A rare monumental Iznik calligraphic tile, Turkey, Circa 1565

of rectangular form, decorated in underglaze cobalt blue, turquoise and relief red, outlined in black, with a lobed cartouche containing calligraphic inscription adorned with foliate motifs on a clear white background, the left-hand corners with arabesque motifs set against a blue ground. 31.5 by 55cm. Estimate 400,000—500,000 USD

Parts of an inscription ending with:

ya raziq al-'ibad

'O The Provider for [Your] servants!'

This outstanding ceramic tile is one of the most remarkable Iznik tiles in existence. Its truly monumental size makes it a technical tour de force which is only surpassed in Iznik tile production by the four huge blue and white tiles of the Sunnet Odasi, the Circumcision Room in the fourth court of the Topkapi Palace in Istanbul (see, Raby, J. and N. Atasoy, Iznik, The Pottery of Ottoman Turkey, London 1989, p.102). The distinctive sealing-wax red has a transparent blood-like colour which is typical of the earliest experiments with firing bole-red at Iznik in the late 1550s and 60s.

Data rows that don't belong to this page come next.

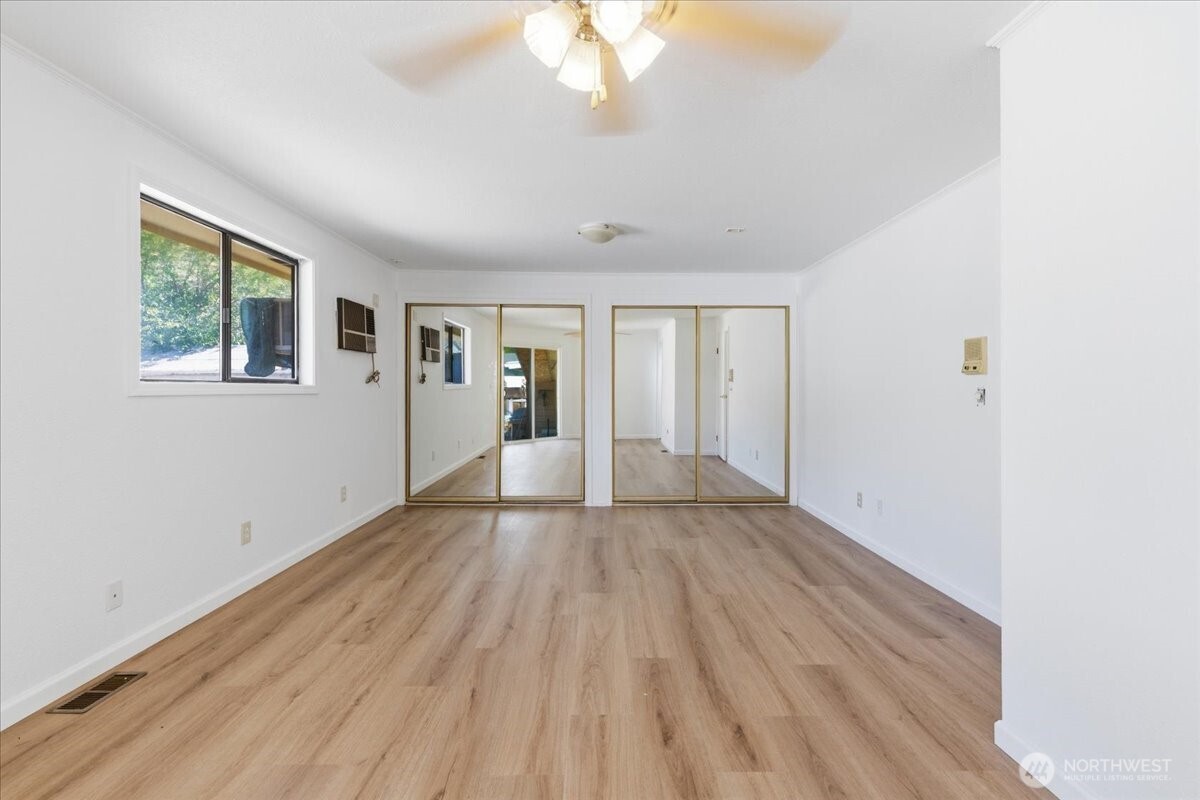 801 Tulip Street Property Photo 13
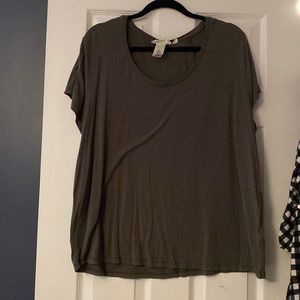 H&M Olive Short Sleeved Tee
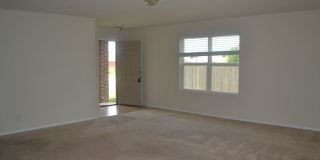 House for Lease in Sherman Gallery 4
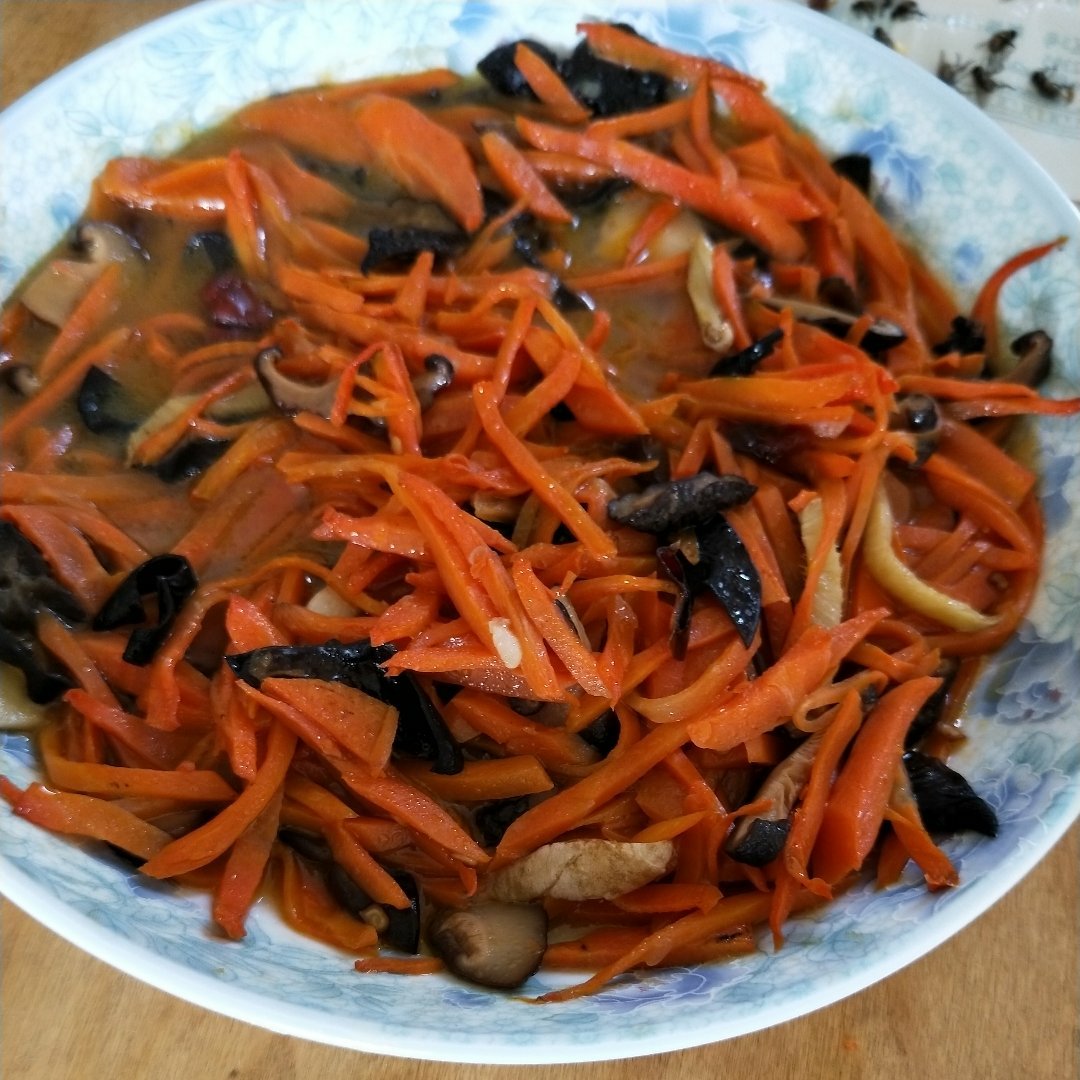 胡萝卜香菇炒木耳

Originally this tile would have abutted another similar tile to its right forming a cartouche with a two-part inscription. This pair would then have been joined by as many other pairs of related tiles as the perimeter of the hall, or possibly courtyard, required. Given the pious text of the inscription, the frieze thus formed is likely to have adorned the walls of a mosque, placed above door or window lintels.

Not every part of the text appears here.